> _Task requirements_: Return the lines below that contain "vibrant".

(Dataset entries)
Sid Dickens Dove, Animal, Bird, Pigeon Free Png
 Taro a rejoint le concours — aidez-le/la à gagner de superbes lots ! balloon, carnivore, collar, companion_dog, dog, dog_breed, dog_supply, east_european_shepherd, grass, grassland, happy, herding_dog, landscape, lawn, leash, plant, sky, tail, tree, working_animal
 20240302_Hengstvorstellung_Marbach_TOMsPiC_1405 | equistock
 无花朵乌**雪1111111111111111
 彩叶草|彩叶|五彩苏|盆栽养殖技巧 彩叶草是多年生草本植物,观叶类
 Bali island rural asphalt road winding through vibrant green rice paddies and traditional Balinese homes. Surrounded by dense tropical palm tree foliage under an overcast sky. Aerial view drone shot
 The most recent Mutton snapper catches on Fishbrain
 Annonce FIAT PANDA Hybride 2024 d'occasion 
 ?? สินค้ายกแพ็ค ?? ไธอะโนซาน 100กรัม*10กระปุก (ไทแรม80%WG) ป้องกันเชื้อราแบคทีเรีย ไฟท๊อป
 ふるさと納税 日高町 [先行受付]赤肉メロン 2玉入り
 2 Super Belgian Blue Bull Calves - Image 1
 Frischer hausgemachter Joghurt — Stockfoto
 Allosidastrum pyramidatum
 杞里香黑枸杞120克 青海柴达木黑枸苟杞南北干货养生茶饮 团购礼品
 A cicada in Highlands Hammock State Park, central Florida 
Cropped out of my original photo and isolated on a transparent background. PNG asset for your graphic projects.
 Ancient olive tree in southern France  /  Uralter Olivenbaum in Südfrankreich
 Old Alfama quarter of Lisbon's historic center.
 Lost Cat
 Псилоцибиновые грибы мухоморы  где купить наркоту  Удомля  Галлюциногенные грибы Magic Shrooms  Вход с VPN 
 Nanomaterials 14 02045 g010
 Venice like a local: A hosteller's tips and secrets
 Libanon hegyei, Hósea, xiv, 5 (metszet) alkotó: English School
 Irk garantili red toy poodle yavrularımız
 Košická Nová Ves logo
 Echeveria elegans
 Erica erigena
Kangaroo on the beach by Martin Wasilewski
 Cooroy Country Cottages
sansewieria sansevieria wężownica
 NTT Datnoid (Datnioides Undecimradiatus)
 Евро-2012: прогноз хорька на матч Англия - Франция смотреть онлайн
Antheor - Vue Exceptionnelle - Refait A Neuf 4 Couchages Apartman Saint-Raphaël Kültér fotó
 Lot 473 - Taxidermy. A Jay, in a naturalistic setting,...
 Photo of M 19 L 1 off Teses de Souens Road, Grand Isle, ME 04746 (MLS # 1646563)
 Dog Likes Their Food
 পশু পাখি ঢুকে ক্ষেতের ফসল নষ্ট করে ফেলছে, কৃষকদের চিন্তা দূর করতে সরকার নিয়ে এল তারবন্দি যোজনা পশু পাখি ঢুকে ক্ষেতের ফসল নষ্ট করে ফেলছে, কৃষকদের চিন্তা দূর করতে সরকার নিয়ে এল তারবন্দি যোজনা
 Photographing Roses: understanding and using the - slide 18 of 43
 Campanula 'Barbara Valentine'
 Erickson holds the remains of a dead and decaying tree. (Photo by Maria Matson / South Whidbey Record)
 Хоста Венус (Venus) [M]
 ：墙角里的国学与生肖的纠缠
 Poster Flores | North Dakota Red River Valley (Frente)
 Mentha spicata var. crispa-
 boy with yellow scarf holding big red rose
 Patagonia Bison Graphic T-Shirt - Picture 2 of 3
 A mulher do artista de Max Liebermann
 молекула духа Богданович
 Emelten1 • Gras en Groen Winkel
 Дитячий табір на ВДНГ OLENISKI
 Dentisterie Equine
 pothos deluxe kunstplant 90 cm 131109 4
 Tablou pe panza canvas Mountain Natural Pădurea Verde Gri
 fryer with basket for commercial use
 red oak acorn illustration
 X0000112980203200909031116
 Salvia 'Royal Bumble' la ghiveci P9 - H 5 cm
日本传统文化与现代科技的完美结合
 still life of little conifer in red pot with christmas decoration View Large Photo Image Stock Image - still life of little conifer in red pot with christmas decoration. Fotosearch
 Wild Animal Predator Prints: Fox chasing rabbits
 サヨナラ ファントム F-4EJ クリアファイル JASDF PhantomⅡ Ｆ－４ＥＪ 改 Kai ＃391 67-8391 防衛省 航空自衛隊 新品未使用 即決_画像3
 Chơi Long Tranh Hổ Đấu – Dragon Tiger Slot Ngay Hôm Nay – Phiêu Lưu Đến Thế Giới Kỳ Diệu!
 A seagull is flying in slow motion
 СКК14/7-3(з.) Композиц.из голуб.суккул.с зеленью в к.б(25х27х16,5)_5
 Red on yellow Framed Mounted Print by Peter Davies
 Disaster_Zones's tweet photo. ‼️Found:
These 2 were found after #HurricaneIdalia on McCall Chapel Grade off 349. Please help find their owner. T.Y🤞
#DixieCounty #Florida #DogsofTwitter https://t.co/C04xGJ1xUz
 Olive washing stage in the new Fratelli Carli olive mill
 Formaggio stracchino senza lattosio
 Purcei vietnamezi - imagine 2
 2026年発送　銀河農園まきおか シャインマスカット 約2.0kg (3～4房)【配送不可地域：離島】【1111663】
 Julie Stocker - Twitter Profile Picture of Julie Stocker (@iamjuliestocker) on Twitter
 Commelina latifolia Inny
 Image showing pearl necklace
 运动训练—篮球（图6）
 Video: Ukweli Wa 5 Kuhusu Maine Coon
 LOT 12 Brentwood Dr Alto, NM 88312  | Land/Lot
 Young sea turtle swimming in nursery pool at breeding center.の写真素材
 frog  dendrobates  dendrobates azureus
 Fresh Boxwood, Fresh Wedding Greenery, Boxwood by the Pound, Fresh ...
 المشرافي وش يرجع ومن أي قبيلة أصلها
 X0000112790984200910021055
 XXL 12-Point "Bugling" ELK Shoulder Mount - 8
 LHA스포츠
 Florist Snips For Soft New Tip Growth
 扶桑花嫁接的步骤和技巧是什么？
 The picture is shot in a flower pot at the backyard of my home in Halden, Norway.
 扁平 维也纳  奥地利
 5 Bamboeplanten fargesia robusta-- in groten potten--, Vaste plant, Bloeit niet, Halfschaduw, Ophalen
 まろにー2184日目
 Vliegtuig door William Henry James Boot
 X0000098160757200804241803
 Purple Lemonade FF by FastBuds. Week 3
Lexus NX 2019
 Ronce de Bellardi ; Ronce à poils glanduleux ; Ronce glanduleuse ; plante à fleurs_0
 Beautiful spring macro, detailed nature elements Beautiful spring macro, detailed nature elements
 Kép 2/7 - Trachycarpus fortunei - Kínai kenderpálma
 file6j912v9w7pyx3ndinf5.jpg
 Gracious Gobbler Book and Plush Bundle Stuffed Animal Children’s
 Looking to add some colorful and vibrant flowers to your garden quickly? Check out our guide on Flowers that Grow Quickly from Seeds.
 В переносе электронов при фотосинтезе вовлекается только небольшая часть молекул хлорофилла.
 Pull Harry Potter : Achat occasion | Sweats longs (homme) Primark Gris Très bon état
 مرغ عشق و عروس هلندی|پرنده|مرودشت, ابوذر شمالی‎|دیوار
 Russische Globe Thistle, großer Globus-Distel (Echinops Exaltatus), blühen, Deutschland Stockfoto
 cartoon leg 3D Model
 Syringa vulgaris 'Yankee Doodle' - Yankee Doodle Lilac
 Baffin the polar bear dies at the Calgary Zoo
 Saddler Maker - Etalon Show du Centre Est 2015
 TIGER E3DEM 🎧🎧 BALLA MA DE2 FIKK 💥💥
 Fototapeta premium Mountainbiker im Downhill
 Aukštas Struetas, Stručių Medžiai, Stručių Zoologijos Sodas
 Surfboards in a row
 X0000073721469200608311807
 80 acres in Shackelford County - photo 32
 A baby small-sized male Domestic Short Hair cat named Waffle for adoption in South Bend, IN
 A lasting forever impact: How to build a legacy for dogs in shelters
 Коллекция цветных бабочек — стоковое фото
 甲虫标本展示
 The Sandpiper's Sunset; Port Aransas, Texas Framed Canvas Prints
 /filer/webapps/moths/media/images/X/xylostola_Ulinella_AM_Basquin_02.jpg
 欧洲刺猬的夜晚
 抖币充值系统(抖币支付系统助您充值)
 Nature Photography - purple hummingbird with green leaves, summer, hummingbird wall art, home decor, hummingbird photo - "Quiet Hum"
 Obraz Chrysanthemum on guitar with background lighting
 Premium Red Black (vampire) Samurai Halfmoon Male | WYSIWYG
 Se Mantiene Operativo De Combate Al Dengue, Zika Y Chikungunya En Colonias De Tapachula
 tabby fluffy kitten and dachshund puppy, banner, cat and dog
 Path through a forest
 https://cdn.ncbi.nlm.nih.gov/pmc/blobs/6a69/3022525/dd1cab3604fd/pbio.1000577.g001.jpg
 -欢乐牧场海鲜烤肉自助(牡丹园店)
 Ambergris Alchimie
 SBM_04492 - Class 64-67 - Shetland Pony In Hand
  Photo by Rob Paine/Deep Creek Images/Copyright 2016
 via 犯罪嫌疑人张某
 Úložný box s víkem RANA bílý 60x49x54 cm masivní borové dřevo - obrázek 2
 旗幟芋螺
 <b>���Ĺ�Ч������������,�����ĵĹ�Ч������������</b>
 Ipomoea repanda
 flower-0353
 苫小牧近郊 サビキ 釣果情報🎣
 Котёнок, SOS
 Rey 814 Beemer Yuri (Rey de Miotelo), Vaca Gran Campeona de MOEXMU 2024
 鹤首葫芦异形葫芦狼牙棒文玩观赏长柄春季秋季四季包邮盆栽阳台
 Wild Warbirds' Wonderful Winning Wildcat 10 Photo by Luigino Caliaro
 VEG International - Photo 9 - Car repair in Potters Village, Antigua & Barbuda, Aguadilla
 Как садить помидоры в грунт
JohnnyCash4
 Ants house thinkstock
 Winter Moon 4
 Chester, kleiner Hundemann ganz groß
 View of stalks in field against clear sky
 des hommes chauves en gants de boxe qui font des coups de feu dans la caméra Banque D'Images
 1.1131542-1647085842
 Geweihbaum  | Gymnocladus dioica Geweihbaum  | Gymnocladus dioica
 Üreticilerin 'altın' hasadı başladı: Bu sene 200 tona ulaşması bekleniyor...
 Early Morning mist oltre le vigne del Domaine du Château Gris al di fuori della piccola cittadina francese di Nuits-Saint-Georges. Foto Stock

> _Output of the task_:
 Bali island rural asphalt road winding through vibrant green rice paddies and traditional Balinese homes. Surrounded by dense tropical palm tree foliage under an overcast sky. Aerial view drone shot
 Looking to add some colorful and vibrant flowers to your garden quickly? Check out our guide on Flowers that Grow Quickly from Seeds.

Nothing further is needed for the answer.